▶ [EXERCISE]: Going through the listing below, work out how many lines include "OnlyFans" and give that number by itself.

----- INFORMATION PROVIDED

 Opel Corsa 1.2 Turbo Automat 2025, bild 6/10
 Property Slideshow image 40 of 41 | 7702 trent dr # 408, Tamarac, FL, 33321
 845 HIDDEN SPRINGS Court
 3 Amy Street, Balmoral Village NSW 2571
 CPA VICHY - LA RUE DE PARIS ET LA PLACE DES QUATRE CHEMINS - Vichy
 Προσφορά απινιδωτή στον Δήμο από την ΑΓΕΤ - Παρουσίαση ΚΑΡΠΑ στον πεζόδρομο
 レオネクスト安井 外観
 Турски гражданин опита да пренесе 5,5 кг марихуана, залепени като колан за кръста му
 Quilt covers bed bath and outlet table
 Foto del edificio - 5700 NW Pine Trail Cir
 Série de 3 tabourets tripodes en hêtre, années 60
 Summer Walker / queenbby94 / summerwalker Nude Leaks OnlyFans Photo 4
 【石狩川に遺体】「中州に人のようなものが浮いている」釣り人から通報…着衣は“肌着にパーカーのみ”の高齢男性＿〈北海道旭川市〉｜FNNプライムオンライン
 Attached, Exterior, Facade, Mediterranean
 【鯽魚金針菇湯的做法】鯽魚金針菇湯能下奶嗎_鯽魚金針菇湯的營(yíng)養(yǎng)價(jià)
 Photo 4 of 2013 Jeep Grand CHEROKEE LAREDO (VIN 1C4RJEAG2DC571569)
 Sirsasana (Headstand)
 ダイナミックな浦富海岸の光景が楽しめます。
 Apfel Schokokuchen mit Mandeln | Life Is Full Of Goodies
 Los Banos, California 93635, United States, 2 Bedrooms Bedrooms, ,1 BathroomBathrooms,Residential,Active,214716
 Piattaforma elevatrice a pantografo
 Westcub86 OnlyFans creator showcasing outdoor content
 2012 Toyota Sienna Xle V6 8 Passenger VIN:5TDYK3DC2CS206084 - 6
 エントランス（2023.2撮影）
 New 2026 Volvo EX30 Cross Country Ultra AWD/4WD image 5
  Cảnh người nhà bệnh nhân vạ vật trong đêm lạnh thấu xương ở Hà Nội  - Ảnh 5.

----------

▶ [SOLUTION TO THIS EXERCISE]: 2